Campbell's discovery creates many implications for Radionics the resolution of which go beyond the scope of this book. Our attempt is to engage the reader to pursue the artistic implications of radionic ideas. Certainly the Hieronymus/Campbell controversy, buried now for over half a century, provides ample information for a point of departure.
Anything so hopeful must also cast a shadow. One dark aspect of radionics does bear discussion, and that is the lethal potential of the technology. There is a famous story about how Ed Hermann, an engineer at McGraw-Hill, Inc. publishing company in New York requested Hieronymus to treat a caterpillar-infested tree on his lawn. He never expected that from 300 miles away, using a photograph (and negative), Hieronymus was able to exterminate in a few days the insects that had resisted every other treatment!
For safety's sake and national security, Hieronymus claimed to have deliberately removed some critical factors from the patent. Whether this is true or not remains unresolved. Some manufactures claim that they have installed components in their radionics devices that prevent them from being used to harm people. It is, in my view, a very unresolved question that demands qualified investigation.
To the controversy surrounding Radionics we can add what Hieronymus claimed for his invention when he said: "We've never found anything we couldn't analyze chemically or otherwise. Distance is a negligible factor, too. When we analyze our physical world we find practically nothing physical, just the manifestation of energy when we divide things down to their ultimate particles."
One thing about this period in Radionics history was certain. The dominant philosophy of Radionics from Hieronymus foreword would be that "mind and pattern is the key to radionics". The type of instrument used would be secondary to the fact that it only serves to focus the mind of the operator. If the radionic diagnosis is based upon how much an organism deviates from normal; then the "rates" or numbers on the dials indicate only the degree of deviation.

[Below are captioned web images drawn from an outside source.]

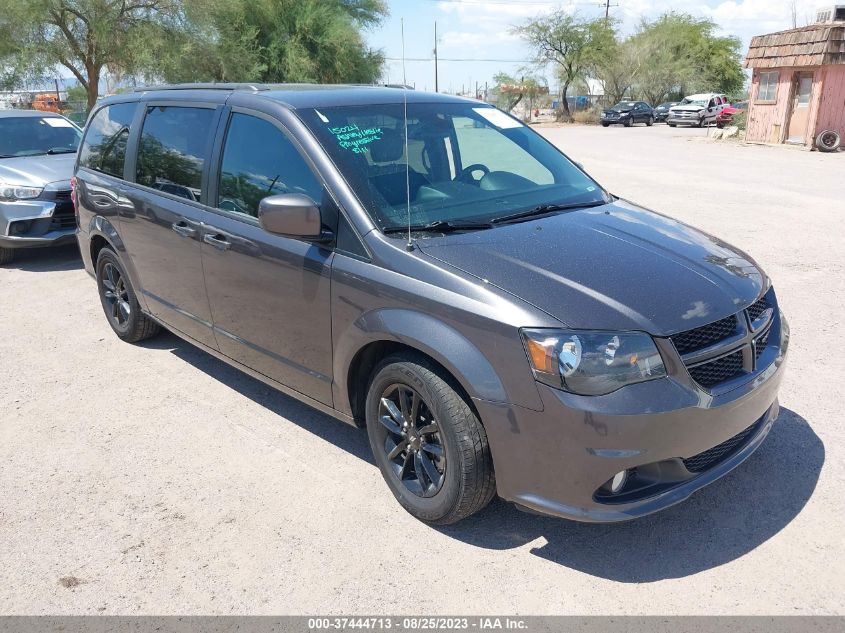 2C4RDGEGXKR750282 Dodge Grand Caravan GT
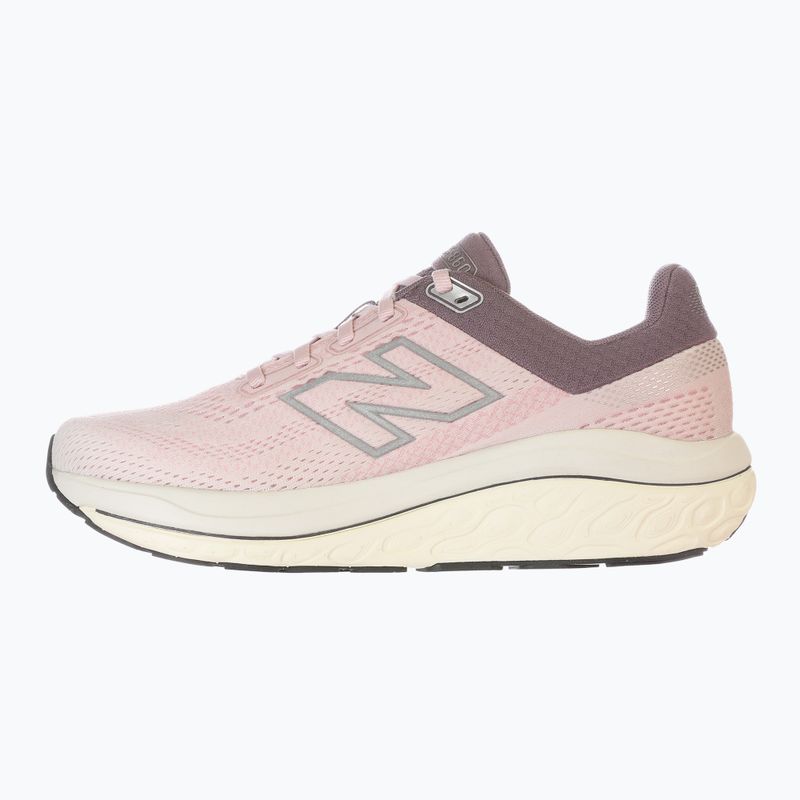 Women's running shoes New Balance Fresh Foam X 860 v14 rose sugar 9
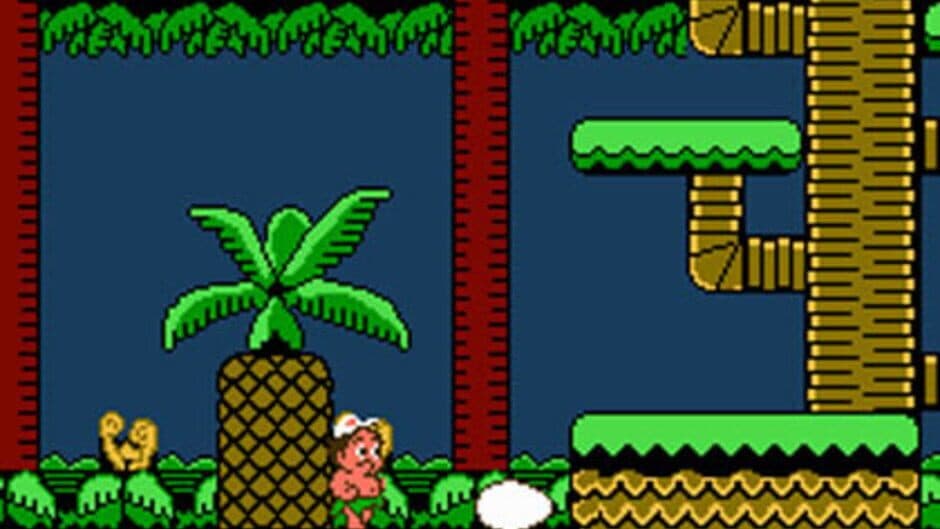 Adventure Island II screenshot 7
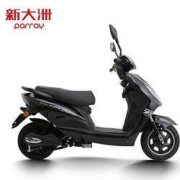 1日0点：PALLA 新大洲 PR500DQT Y2 国标电瓶车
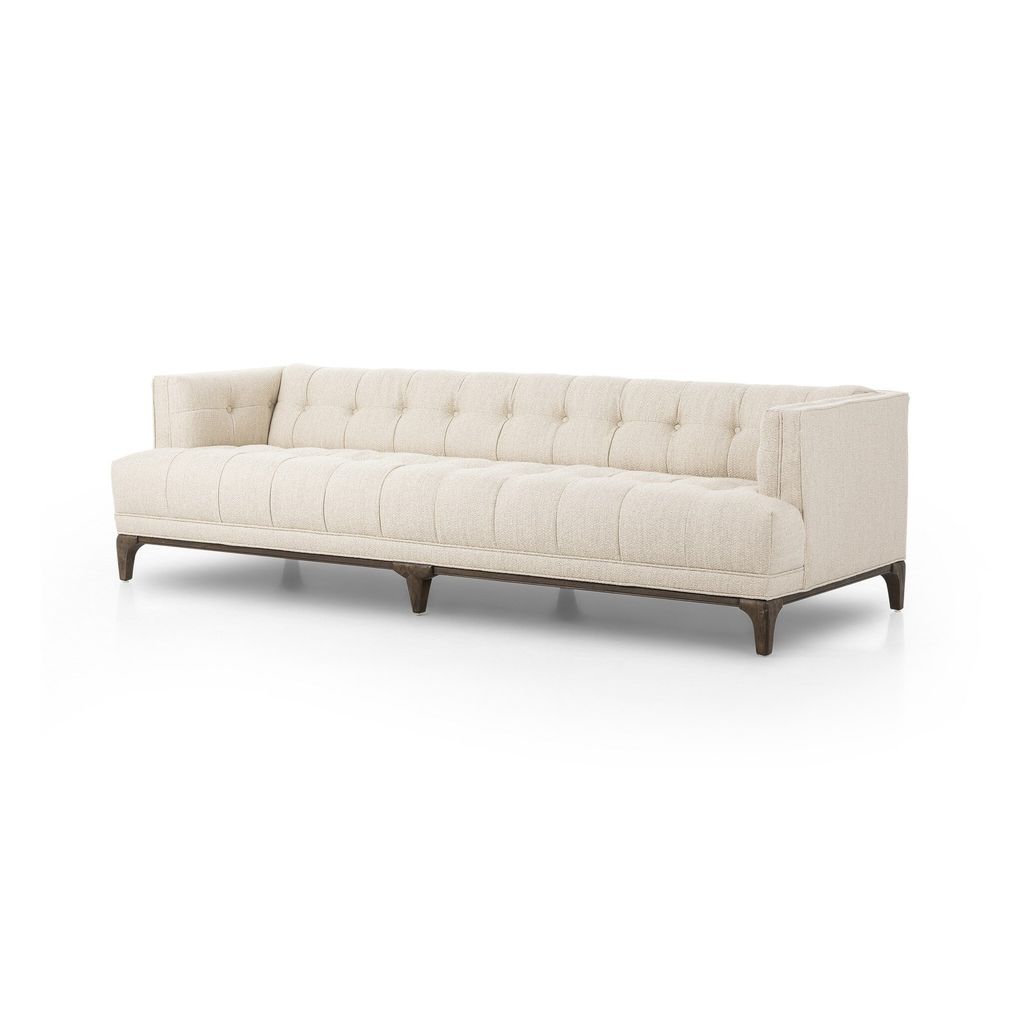 Dylan Sofa - Kerbey Taupe Cover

This position is far different than that of the early pioneers such as Abrams and Mermet, who believed they were working with a discreet form of energy in the external environment, detectable by using mind and instrument together. With the 'mind and pattern' school of Radionics in ascendancy, it will take a much more liberal scientific approach to psychic phenomena and psychokinetic energy to return Radionics to ongoing laboratory investigation.
In the meantime, the stage had been set to accommodate a form of Radionics that was much closer to art: Radionic Photography.